Moment de basculement pour la Turquie, premier d’une succession d’attaques attribuées à l’EI mais jamais revendiquées, l’attentat de Suruç et ses suites ont permis à Ankara de défendre l’idée qu’elle se trouvait confrontée à une menace terroriste identifiée dans un même mouvement aux rebelles kurdes et à l’EI. Bien que le discours officiel qui relayait cette conception du conflit en cours ait placé les uns et les autres sur le même plan, la Turquie a montré quelles étaient ses priorités.
Base arrière des djihadistes
Engagé dans une guerre totale contre le PKK sur son propre territoire, Ankara n’est pas à proprement parler intervenu contre l’EI en Syrie.
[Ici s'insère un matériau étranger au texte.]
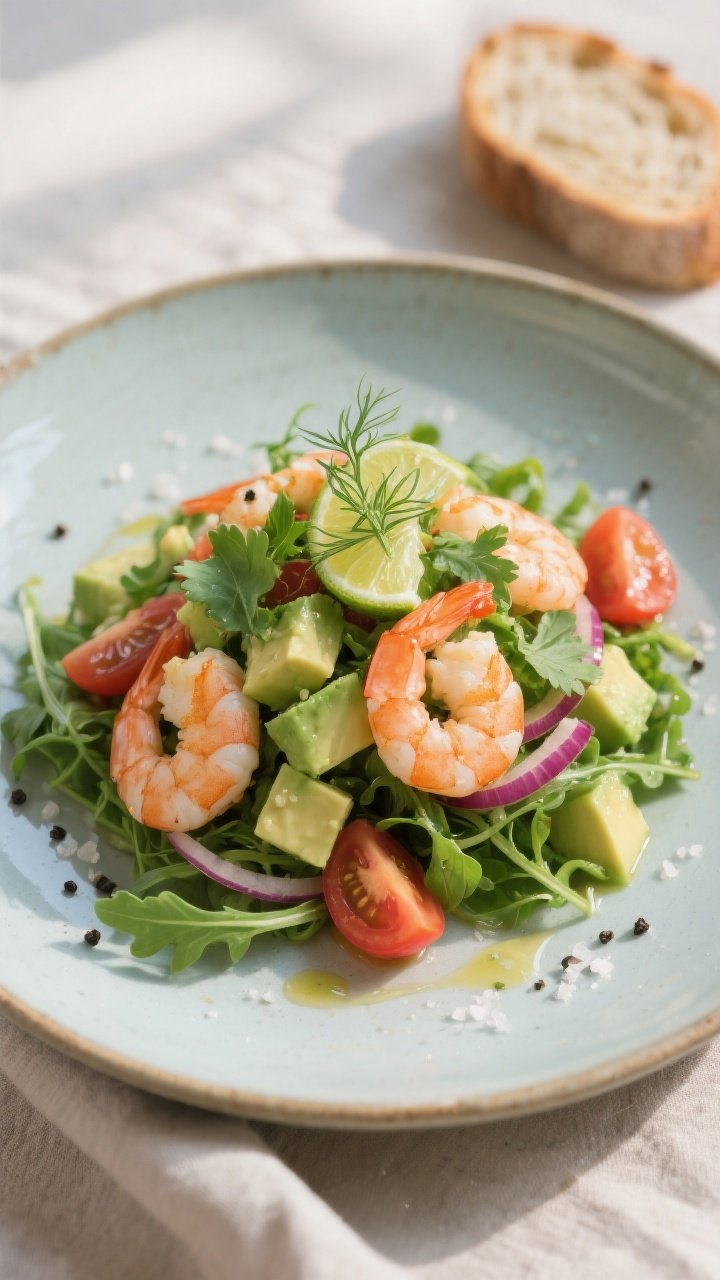 Final plated dish, restaurant presentation: Beautifully plated Shrimp Avocado Salad mounded over a b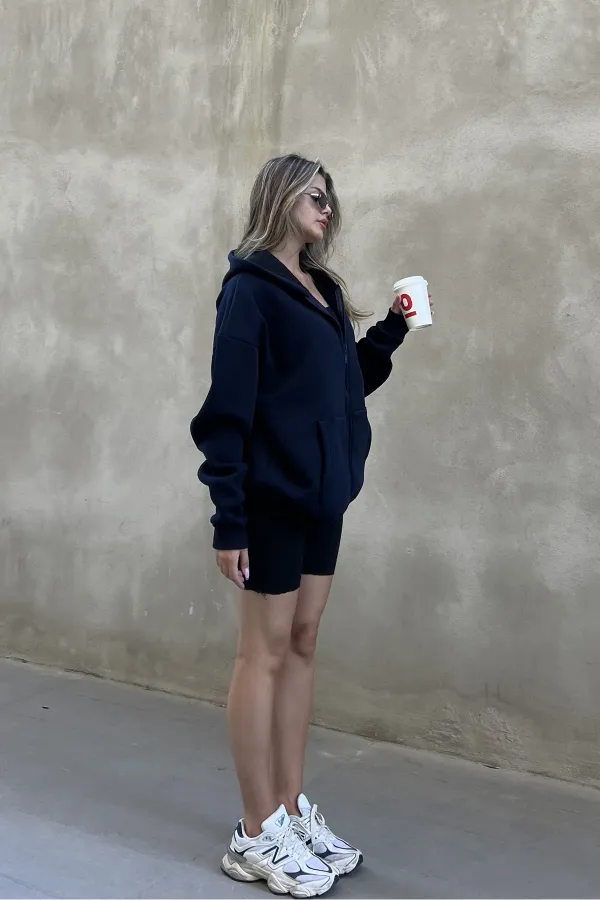 Zip-up Brushed Oversize Sweatshirt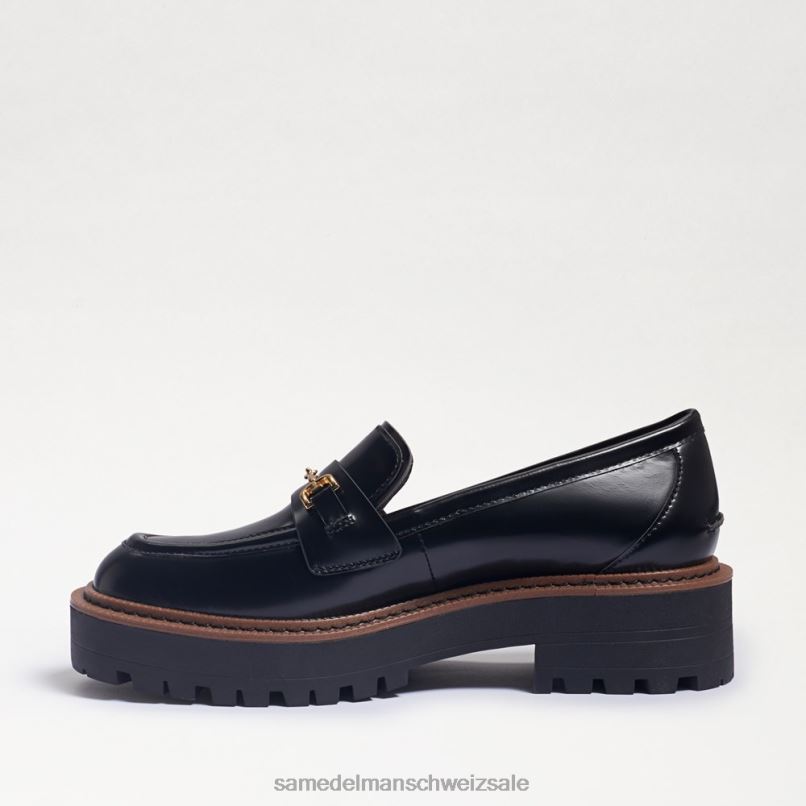 CH Sam Edelman Frauen Laurs Loafer mit Stollensohle schwarze glänzende Box X2J86428 Schuhwerk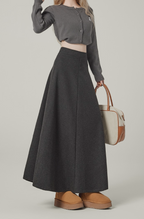 A-Line Wool-Blend Maxi Skirt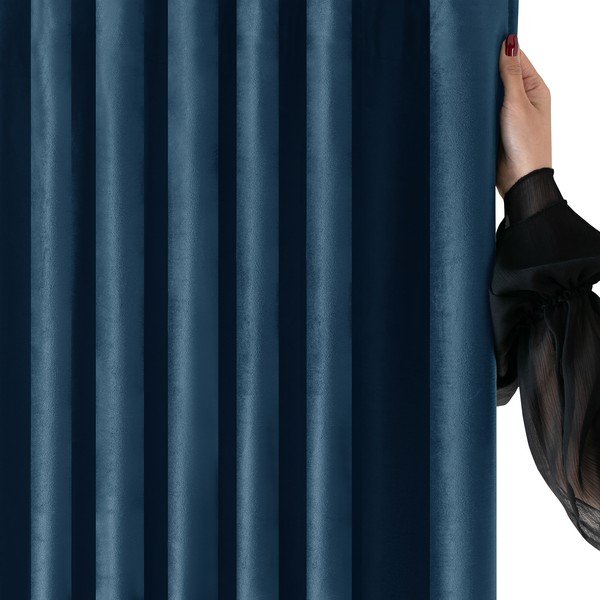 Plava zavjesa za djelomično zamračenje od samta 400x300 cm Velto – Filumi-image-2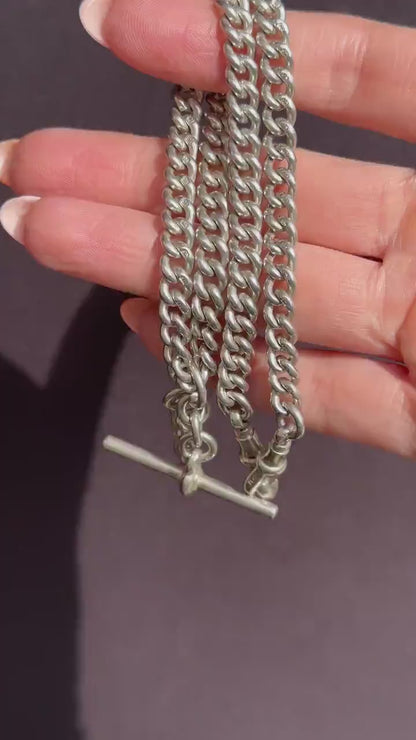 Vintage '1936' Silver Curb Link Albert Watch Chain with Sliding T-Bar and Dog Clips – 15"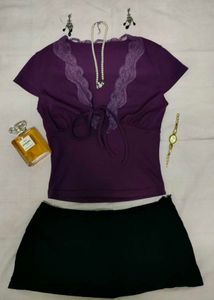 Purple lace trim Y2K top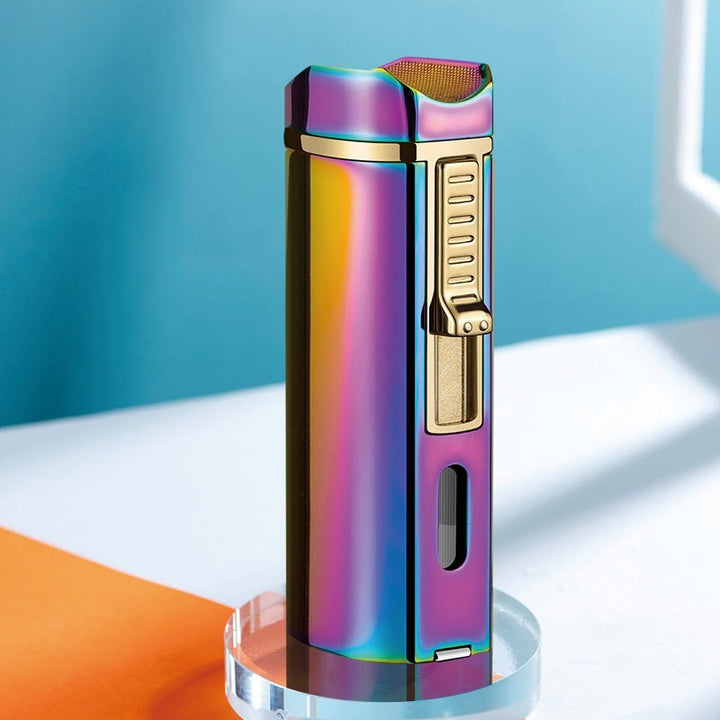 Windproof Triple Burner Lighter With Folding Cigar Cutter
Au contraire, la Turquie s’est montrée systématiquement hostile aux avancées des forces kurdes syriennes face aux djihadistes. Placées de fait sous le contrôle du PKK, dénoncées comme  » terroristes  » par Ankara, elles se trouvent être les meilleures alliées au sol de la coalition internationale contre l’EI en Syrie.
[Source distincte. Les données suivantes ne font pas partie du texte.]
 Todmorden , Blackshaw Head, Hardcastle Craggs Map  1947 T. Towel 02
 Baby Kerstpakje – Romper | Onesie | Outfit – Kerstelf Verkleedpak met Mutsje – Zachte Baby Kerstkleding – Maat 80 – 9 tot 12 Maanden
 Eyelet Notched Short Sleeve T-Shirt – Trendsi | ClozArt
Combattre à la fois l’EI et l’un de ses pires ennemis, le PKK, est impossible. La Turquie est donc mise en demeure de choisir : éviter d’exercer une pression trop forte sur les djihadistes ou chercher une sortie de conflit avec le PKK et trouver un modus vivendi avec ses alliés kurdes syriens. Rien n’indique, au contraire, que la Turquie ait choisi cette voie.
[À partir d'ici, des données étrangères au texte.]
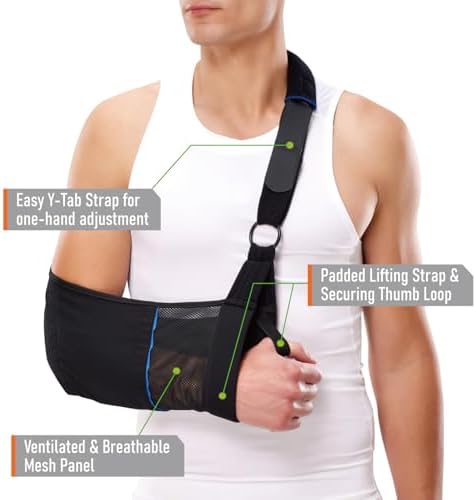 Comforband Arm Sling – Lightweight & Breathable Medical Sling with Adjustable Shoulder Strap for Torn Rotator Cuff, Broken or Fractured Forearm Bones (Junior)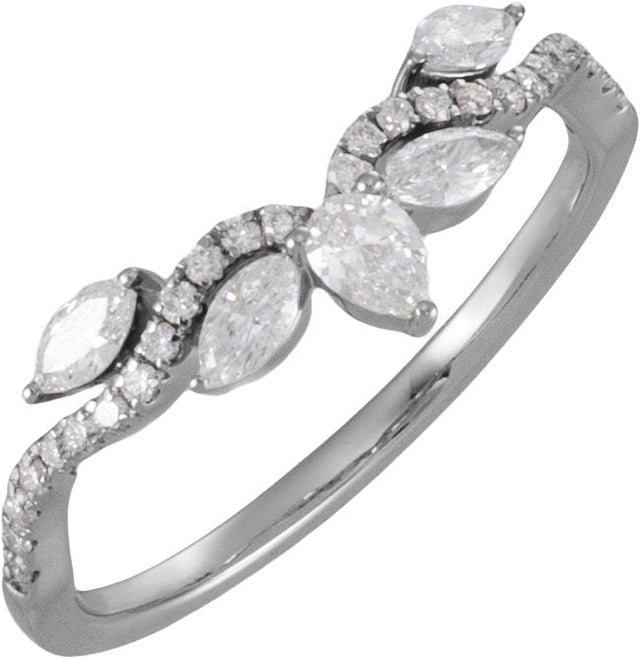 14K Gold Pear Lab-Grown Diamond Contour Band – 3.8x2.5mm - White Gold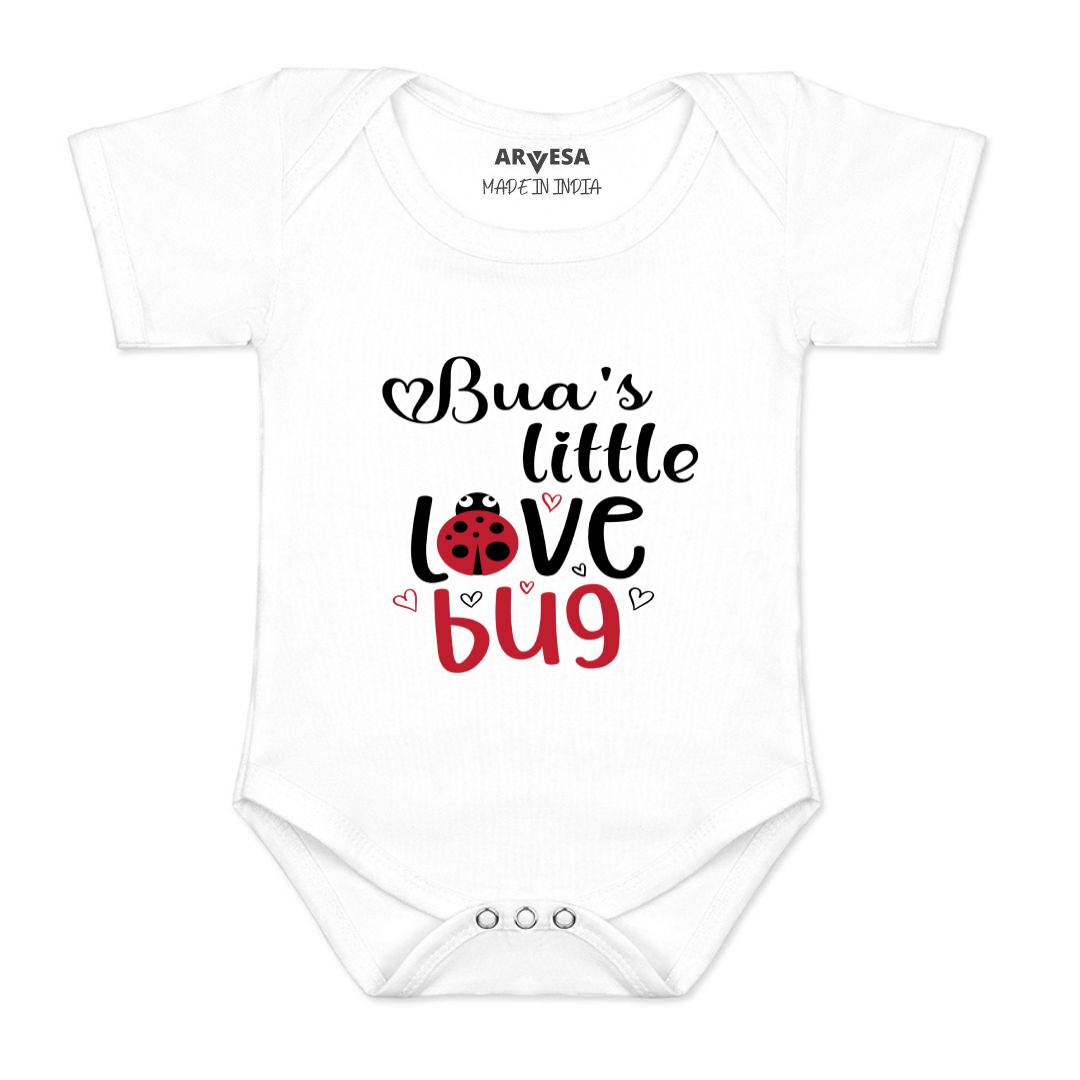 Arvesa Bua Little Love Bug Design-415 White 0-3 Months Jumpsuit for Baby Boy & Girl dress .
Par ailleurs, les opérations que les forces turques mènent à un rythme plus soutenu contre les cellules djihadistes – qui ont prospéré sur son territoire à la faveur de la guerre qui fait rage en Syrie voisine, où la Turquie soutient des groupes armés d’inspiration islamiste contre les Kurdes et le régime de Damas – et la réponse graduée d’Ankara aux tirs de roquette vers son territoire depuis des positions de l’EI proches de sa frontière n’indiquent pas encore une volonté réelle de changer de cap. La Turquie est, depuis le déclenchement du conflit syrien, une voie d’accès vers la Syrie et une base arrière de fait pour les djihadistes. Les conséquences de cette réalité ne peuvent être renversées immédiatement.
Aussi, si les efforts spectaculaires d’Ankara pour renouer des liens avec Israël et la Russie dénotent déjà d’un redéploiement de sa stratégie régionale, le piège syrien dans lequel s’est enferrée la Turquie pourrait être plus délicat à désamorcer.